But Strom admits companies currently cannot guarantee that the 5T form of the CF test that is intended for infertile men will only be used by this group. And if doctors and prospective parents discover - by deliberately or accidentally ordering this test during pregnancy - that a male fetus has the 5T mutation and may grow up to be infertile, they may opt to terminate the pregnancy.
"They may decide that this may be a child they don't want to bring into the world," says Strom. "It's not up to us to tell them what reasons they're allowed to terminate a pregnancy." And the link with infertility means that companies that test for 5T as part of CF screening but do not reveal the results risk being sued decades later when a boy grows up and discovers he is infertile.
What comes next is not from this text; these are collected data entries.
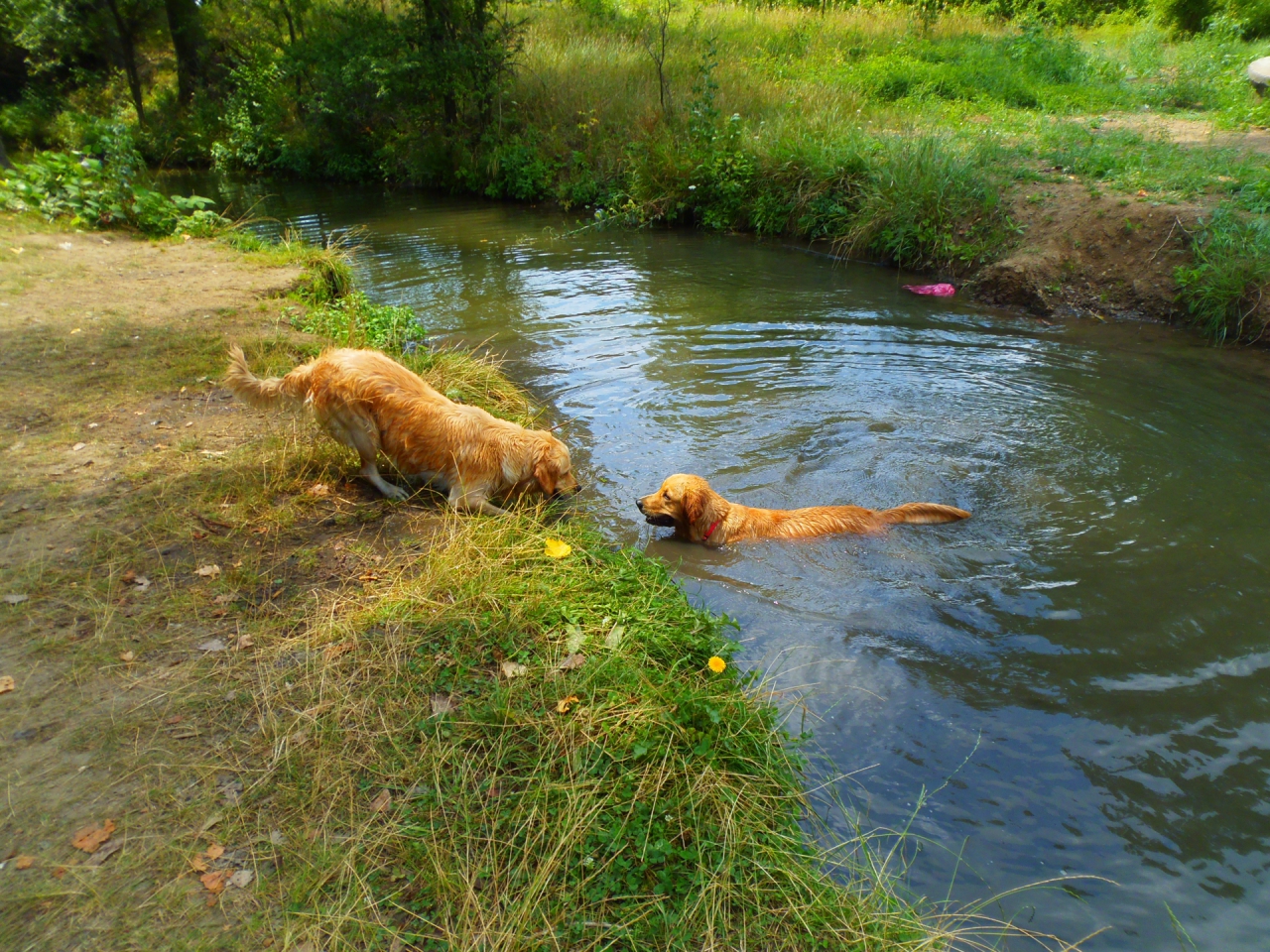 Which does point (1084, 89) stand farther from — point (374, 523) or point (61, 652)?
point (61, 652)

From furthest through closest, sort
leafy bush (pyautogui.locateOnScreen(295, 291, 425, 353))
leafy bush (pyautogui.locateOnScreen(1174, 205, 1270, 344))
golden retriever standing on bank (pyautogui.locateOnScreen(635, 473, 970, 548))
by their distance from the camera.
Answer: leafy bush (pyautogui.locateOnScreen(1174, 205, 1270, 344)), leafy bush (pyautogui.locateOnScreen(295, 291, 425, 353)), golden retriever standing on bank (pyautogui.locateOnScreen(635, 473, 970, 548))

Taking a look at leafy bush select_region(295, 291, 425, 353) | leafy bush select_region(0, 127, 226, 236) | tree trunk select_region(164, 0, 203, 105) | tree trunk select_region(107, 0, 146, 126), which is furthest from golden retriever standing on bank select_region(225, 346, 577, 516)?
tree trunk select_region(164, 0, 203, 105)

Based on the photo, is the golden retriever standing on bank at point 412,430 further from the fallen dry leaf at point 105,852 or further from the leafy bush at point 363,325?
the fallen dry leaf at point 105,852

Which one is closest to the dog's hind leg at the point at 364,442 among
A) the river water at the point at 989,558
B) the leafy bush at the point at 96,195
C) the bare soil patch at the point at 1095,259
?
the river water at the point at 989,558

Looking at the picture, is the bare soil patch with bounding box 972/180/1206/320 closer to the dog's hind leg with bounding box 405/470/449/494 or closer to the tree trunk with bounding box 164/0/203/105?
the dog's hind leg with bounding box 405/470/449/494

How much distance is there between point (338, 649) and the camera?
3.98 m

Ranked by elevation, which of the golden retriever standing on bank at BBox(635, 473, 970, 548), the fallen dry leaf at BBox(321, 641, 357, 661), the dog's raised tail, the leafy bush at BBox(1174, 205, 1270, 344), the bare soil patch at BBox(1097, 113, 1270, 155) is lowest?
the golden retriever standing on bank at BBox(635, 473, 970, 548)

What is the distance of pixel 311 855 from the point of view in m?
2.97

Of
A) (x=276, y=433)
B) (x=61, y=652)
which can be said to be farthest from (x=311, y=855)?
(x=276, y=433)

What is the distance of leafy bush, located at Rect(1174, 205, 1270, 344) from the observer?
31.1 feet

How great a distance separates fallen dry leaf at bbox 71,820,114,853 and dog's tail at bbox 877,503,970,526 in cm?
518

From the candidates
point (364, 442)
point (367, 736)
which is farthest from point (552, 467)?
point (367, 736)

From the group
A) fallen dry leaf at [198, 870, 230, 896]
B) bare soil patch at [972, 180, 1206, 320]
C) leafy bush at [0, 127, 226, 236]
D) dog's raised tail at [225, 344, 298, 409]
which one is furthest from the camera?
leafy bush at [0, 127, 226, 236]

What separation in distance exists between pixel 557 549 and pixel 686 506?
1.29 m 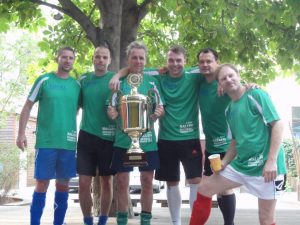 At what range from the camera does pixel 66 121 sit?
7109 millimetres

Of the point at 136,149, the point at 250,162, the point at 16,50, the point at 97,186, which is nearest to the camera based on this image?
the point at 250,162

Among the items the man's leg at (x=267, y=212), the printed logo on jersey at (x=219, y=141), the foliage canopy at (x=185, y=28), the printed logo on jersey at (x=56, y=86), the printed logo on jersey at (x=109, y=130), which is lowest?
the man's leg at (x=267, y=212)

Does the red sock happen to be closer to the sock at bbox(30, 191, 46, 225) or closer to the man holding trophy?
the man holding trophy

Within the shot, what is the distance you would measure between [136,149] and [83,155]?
79 cm

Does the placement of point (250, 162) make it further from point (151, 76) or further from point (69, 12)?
point (69, 12)

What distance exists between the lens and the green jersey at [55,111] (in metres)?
7.02

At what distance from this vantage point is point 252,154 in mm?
5777

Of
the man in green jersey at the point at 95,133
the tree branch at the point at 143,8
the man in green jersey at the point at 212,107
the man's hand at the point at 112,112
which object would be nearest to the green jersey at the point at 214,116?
the man in green jersey at the point at 212,107

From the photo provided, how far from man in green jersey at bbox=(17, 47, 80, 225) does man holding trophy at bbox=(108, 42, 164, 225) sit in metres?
0.54

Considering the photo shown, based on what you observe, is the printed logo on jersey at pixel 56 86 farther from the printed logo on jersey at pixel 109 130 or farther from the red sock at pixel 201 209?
the red sock at pixel 201 209

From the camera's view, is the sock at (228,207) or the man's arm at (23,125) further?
the sock at (228,207)

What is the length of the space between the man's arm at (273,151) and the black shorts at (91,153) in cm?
231

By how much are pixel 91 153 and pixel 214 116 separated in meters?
1.57

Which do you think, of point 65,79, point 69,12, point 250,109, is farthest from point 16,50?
point 250,109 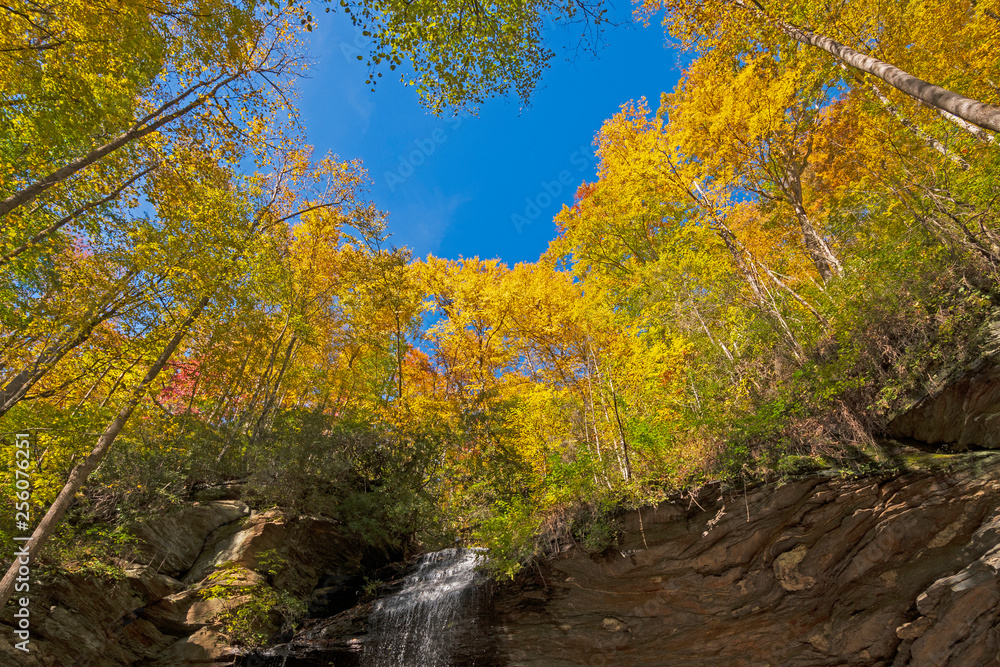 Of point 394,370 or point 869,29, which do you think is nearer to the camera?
point 869,29

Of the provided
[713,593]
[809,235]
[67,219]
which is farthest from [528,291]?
[67,219]

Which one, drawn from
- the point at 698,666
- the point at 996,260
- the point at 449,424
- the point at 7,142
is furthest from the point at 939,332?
the point at 7,142

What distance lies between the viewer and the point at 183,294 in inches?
260

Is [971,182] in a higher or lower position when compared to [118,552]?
higher

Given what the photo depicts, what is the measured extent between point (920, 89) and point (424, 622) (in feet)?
36.3

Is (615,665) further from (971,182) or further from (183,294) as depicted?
(183,294)

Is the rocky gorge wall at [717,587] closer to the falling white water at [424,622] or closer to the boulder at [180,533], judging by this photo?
the boulder at [180,533]

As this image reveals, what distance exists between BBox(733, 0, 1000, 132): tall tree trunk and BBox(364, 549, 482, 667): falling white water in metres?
9.80

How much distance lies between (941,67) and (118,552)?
18.0 m

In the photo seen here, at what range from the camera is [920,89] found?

Quest has decided to proceed nevertheless but other companies are not prepared to take the chance.
The US cases also come at a time when countries such as Britain are considering following the US example and setting up their own national screening programmes. As yet, the written guidelines covering CF testing in Britain make no stipulations about when labs should and should not screen women for the 5T mutation.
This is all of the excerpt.